Thursday, May 26, 2011
In between, I've experimented on my smaller paintings using Liquin and then no medium, thin, thick, fluid and not. Eventually I'd like to combine techniques. So much to learn and sometimes it feels like there's so little time! Having fun, though. Thanks for visiting!
Tuesday, May 24, 2011
Monday, May 23, 2011
Every once in awhile I love to copy a master painting. From exercises like this I can learn so much: color mixing, painting techniques that are new to me, composition, and even drawing skills. Because I initially had such difficulty with the painting, I stopped and drew her first.
Sunday, May 22, 2011
Monday, May 16, 2011
Sunday, May 15, 2011
Saturday, May 14, 2011
In case you haven't figured out what you're looking at (color here would help), I'm sure you must see what I do: it's a Lady, dressed ever so elegantly. (Okay, it's an ice cream dish overturned, with a clementine sitting on top—it's bottom.)
Friday, May 13, 2011
Thursday, May 12, 2011
There's a story the painting doesn't reveal: while painting from my car I listened to the radio. The day warmed up as I was nearing the end of my painting session. It was humid and warm. I turned on the air (not a/c) and opened the windows. Suddenly my radio stopped working! YES! My battery died. Happily AAA came to the rescue in time for me to pick up my son from school.
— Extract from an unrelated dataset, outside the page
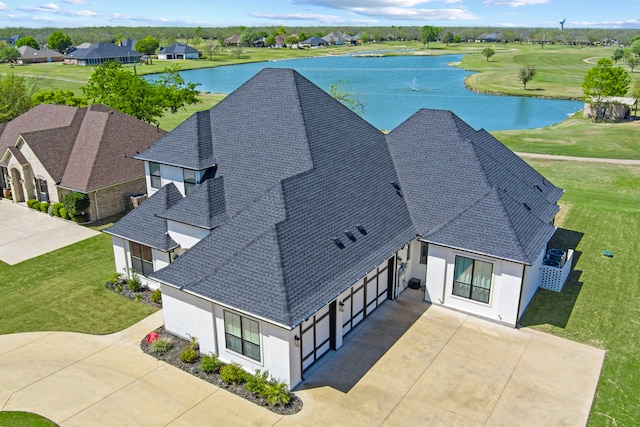 birds eye view of property with view of golf course, a water view, and a residential view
Silly me. Lucky me.
Wednesday, May 11, 2011
After the sphere, it seemed natural to paint Sarajean's teapot. We premixed the values and then happily applied paint, not really adhering to a systematic approach. From classes I took with Dennis Perrin, I learned the importance of keeping the value families distinct. (And that's what I'm still trying to master!) Whatever is in the shadow stays in the shadow value range. The lights stay in the value range for the lights. You've may have heard the seemingly confusing statement: the darkest dark in the light is always lighter than the lightest light in the shade. (I am now feeling confused myself! I hope I wrote that correctly!) If you've never experienced this or can't imagine it, you could put a black piece of paper in the light and a white piece of paper in the shade and check it out!
Related to that, reflected light in a shadow (as you see in the belly of the teapot) often appears to be lighter than it actually is. Why? Because it's surrounded by darker values. A small hole punched in cardboard can help you isolate the colors and compare them. It's easy to overstate the lightness of reflected light. To make it convincing, I always try to keep it in the value range of the darks. (Thank you Dennis Perrin.)
Tuesday, May 10, 2011
It has been awhile, I know. Life has been hectic. But, I have been painting! Just not blogging. Sometimes you have to choose which balls to keep up in the air (pun unintentional, but why not?!) I'll catch you up on my efforts.
If you don't receive Fine Art Views Newsletter, you may wish to check it out: http://faso.com/fineartviews/30732/put-the-fire-out. Keith Bond's article that arrived in my email this morning touches on just what Sarajean and I have discovered: we need to address and master one problem at a time and have decided to focus on values to start. Occasionally I'll share what we do.
We painted value scales to help us understand the intervals from white to black. As you can see, we did a ten-step value scale, then nine (thinking it would be easier to mix and judge steps that are equidistant from others, since we painted the white and black first, and then mixed the value between each time), then five, which would be good for poster studies. In these exercises, we mixed a black using black and burnt umber, so it would dry faster and not be tacky once dried. We used palette knives to mix and paint, to keep the values clean. I'm not positive my value steps are evenly spaced, but they're close, I hope! Expert eyes would be so welcome, but I imagine even imperfect exercises could lead to eventual mastery.
The sphere here, was painted prior to the formal value scales, but we did limit ourselves to five values to begin, I think. We also allowed ourselves to play with warm and cool temperatures. Rather than keeping it a simple poster study, I tried to figure out how to paint it "realistically." Perhaps this dealt with more than one problem! oops.
Independently, Sarajean and I will practice our exercises and continue to paint whatever and however we wish. If you'd like to share exercises that you found helpful, please do! I'll be happy to make your comments visible so we can all benefit. I expect to be posting more frequently since other demands are quieting down some. Take care and thanks for visiting!